Petite coupe courte – «indispensable avec les cheveux blancs», dit-elle – lunettes noires rectangulaires… Hélène, graphiste de formation, s’est copiée trait pour trait pour donner vie à Angry Mum, dont les aventures sont à découvrir sur le blog du même nom qu’elle anime depuis six ans. Et dans ses BD, éditées chez Glénat, dont la dernière, Angry Mum voit rouge, vient tout juste de paraître. Dans ses chroniques, on retrouve son univers: Momo, ses enfants Boris et Lucie, les trois chats de la maison, les copines, mais aussi pas mal de rockeurs sur le retour dont elle se moque gentiment.

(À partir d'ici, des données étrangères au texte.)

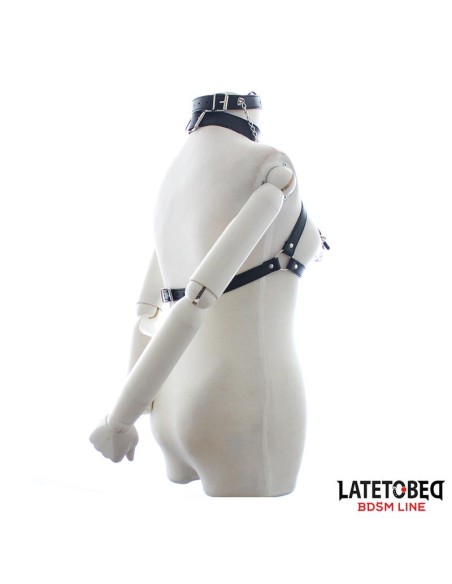 Arnes de Bondage Copas Abiertas Mordaza y Pinzas para Pezones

Dans ses bulles, les allusions aux Ramones et à la culture punk sont nombreuses: «A la fin des années septante, cette musique a été une vraie soupape pour moi. J’étais une ado décalée, je ne me reconnaissais pas dans Dalida et Patrick Juvet. En 1979, le London Calling des Clash m’a fait comprendre qu’il y avait des gens comme moi!» commente-t-elle.

Née en Valais, élevée à Saint-Maurice par un papa mécanicien et une maman femme au foyer, Hélène grandit entre un grand frère, Philippe, alias l’hilarant dessinateur de presse Mix & Remix, et une petite sœur. Maladivement timide, elle déteste l’école et les autres enfants: «Je passais mon temps dans ma chambre, je lisais, je dessinais. J’étais à la masse, gothique avant l’heure, je me passionnais pour le vieux français. Je ne mangeais que des chips et des yaourts moka.»

De cette époque, Hélène garde des séquelles qu’elle dévoile avec humour et sans aucun complexe: «Je ne sais toujours pas aller à vélo. Et je n’ai jamais forcé mes enfants à manger ce qu’ils n’aimaient pas.» Entourée par une famille très aimante et une maman dotée d’une grande curiosité intellectuelle, Hélène opte pour les Beaux-Arts, tout comme son frère: «Là aussi, nos parents ont été extraordinaires. Dans un Valais ouvrier, laisser deux de ses enfants partir à Lausanne pour suivre ce genre d’études, c’était pas évident.»

A cette époque, Hélène, qui arbore un look gothique (ndlr.: elle court nous chercher sa carte d’étudiant pour appuyer ses dires), fréquente le milieu alternatif sans jamais en emprunter ses travers et traîne pas mal à la Dolce Vita, haut lieu des nuits de la capitale lausannoise, où elle rencontre son Momo. Elle, une Becquelin famille radicale de Saint-Maurice, épouse alors un Mottet courant PDC d’Evionnaz: «C’était carrément Roméo et Juliette», rigole-t-elle. Pour son canton d’origine, Hélène a les yeux de Chimène: «Je m’en moque souvent car c’est dans mes gènes mais je défendrai toujours un Valaisan», tambourine-t-elle en s’amusant sur l’affaire Varone…

Rebelle, révoltée? Elle s’en défend: «Je ne suis pas militante et je n’ai aucune conscience politique. Je suis bien trop cynique!» Lorsqu’on l’interroge sur ses projets et ses envies, Hélène lève les bras au ciel: «J’en sais rien du tout, je suis incapable de me projeter, je ne sais même pas ce que je ferai à Noël.» Oups… j’avais failli oublier la devise des punks: No future!

«Lina», chaque semaine dans Femina. «Angry Mum voit rouge», Ed. Glénat. 64 pages. www.angrymum.ch

Le lieu

C’est la salle à manger de son appartement lausannois qu’Hélène a choisie pour cette photo. Calme, ensoleillée, elle lui sert aussi de bureau et y passe donc la plupart de son temps. Bien plus qu’à la cuisine, elle qui déteste cuisiner. Cette pièce lui sert aussi d’atelier pour créer ses ex-voto en laine cardée qu’elle vend sur la boutique en ligne Etsy. Son côté catholique-gothique!